Right in the wake of House majority leader Dick Armey’s explicit call for several million Palestinians to be booted out of the West Bank, and East Jerusalem and Gaza as well, came yet one more of those earnest articles accusing a vague entity called “the left” of anti-Semitism.
This one was in Salon, by a man called Dennis Fox, identified as an associate professor of legal studies and psychology at the University of Illinois. Leaving nothing to chance, Salon titled Fox’s contribution “The shame of the pro-Palestinian left: Ignorance and anti-Semitism are undercutting the moral legitimacy of Israel’s critics.”
Over the past twenty years I’ve learned there’s a quick way of figuring just how badly Israel is behaving. There’s a brisk uptick in the number of articles accusing “the left” of anti-Semitism. These articles adopt varying strategies. Particularly intricate, though I think well-intentioned, was a recent column by Naomi Klein, who wrote that “it is precisely because anti-Semitism is used by the likes of Mr. Sharon that the fight against it must be reclaimed.” Is Klein saying the global justice movement has forgotten how to be anti-anti-Semitic? I don’t think it has. Are all denunciations of the government of Israel to be prefaced by strident assertions of pro-Semitism?
If this is the case, can we not ask that those concerned about the supposed silence of the left about anti-Semitism demonstrate their own good faith by denouncing Israel’s behavior toward Palestinians? Klein did, but most don’t. In a recent column in the New York Times Frank Rich managed to write an entire column purportedly about Jewish overreaction here to news reporting from Israel without even fleeting reference to the fact that there might be some factual basis to reports presenting Israel and its leaders in a bad light, even though he found time for abuse of the “inexcusable” Arafat. Isn’t Sharon “inexcusable” in Rich’s book?

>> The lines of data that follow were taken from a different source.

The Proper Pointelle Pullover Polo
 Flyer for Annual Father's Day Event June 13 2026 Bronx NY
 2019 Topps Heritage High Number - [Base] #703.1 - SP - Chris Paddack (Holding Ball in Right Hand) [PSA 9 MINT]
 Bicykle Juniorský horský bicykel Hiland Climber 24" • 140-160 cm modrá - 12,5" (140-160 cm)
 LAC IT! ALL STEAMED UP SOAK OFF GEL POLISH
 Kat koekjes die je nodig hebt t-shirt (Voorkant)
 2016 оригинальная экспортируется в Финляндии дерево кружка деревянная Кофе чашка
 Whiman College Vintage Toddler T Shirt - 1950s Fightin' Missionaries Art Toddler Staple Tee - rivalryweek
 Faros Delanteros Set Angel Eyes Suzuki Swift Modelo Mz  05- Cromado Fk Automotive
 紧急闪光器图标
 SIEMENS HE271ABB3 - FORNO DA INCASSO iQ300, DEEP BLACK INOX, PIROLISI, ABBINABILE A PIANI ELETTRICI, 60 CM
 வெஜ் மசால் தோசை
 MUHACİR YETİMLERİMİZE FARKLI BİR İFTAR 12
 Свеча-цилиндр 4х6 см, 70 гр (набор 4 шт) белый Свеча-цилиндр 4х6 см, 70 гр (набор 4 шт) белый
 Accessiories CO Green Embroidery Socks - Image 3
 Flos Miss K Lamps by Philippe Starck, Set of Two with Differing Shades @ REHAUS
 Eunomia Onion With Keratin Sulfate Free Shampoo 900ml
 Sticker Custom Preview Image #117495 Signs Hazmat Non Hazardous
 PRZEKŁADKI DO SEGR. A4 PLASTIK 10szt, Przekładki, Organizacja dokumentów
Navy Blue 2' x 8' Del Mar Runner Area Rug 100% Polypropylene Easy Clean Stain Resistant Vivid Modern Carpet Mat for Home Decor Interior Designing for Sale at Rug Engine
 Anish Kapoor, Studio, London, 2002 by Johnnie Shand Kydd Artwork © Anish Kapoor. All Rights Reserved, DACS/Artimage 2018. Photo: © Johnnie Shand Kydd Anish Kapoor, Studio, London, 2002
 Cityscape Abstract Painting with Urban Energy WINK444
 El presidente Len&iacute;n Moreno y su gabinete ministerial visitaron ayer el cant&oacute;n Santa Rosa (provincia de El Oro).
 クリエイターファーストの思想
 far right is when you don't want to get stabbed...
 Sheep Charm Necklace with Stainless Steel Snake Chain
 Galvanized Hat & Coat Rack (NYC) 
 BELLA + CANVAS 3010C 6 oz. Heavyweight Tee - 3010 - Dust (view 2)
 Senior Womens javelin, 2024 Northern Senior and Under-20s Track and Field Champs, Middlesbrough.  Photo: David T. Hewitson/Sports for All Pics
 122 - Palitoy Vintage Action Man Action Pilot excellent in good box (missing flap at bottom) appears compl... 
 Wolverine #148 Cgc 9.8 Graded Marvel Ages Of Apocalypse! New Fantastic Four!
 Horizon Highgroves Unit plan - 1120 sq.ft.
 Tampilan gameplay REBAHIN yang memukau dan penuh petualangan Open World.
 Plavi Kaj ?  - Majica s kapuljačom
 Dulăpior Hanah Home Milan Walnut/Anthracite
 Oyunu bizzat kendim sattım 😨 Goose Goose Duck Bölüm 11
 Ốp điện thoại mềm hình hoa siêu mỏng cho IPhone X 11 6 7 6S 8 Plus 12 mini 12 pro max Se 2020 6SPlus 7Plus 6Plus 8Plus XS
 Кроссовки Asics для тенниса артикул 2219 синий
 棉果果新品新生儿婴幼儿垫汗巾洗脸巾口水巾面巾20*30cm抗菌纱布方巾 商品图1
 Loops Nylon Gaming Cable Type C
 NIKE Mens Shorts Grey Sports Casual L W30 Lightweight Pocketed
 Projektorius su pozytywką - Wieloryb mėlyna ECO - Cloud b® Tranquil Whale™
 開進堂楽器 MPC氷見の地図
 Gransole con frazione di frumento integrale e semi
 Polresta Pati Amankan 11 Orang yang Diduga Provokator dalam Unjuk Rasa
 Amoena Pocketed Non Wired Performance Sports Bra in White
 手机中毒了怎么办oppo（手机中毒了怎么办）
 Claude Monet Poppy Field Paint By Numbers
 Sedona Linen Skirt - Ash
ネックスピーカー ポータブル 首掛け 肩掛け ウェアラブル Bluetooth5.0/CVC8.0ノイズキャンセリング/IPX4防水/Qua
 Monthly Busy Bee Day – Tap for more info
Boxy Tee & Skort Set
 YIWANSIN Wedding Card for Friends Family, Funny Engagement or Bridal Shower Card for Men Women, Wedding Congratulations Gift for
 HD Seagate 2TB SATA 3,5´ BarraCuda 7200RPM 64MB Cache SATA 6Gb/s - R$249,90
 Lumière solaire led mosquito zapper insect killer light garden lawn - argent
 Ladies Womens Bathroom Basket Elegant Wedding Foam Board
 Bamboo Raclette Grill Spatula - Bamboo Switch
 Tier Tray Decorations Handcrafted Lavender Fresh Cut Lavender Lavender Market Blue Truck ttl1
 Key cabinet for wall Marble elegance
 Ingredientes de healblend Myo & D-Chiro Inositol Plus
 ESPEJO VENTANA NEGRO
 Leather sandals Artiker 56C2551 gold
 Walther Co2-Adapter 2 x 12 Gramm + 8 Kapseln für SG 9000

So the left gets the rotten eggs, and those tossing the eggs mostly don’t feel it necessary to concede that Israel is a racist state whose obvious and provable intent is to continue to steal Palestinian land, oppress Palestinians, herd them into smaller and smaller enclaves, and in all likelihood ultimately drive them into the sea or Lebanon or Jordan or Dearborn or the space in Dallas-Fort Worth airport between the third and fourth runways (the bold Armey plan).
Here’s how Fox begins his article for Salon: “‘Let’s move back,’ my wife insisted when she saw the nearby banner: ‘Israel Is a Terrorist State!’ We were at the April 20 Boston march opposing Israel’s incursion into the West Bank. So drop back we did, dragging our friends with us to wait for an empty space we could put between us and the anti-Israel sign.” Inference by Fox: The banner is grotesque, presumptively anti-Semitic. But there are plenty of sound arguments that from the Palestinian point of view Israel is indeed a terrorist state, and anyway, even if it wasn’t, the description would not per se be evidence of anti-Semitism. Only if the banner had read “All Jews Are Terrorists” would Fox have a point.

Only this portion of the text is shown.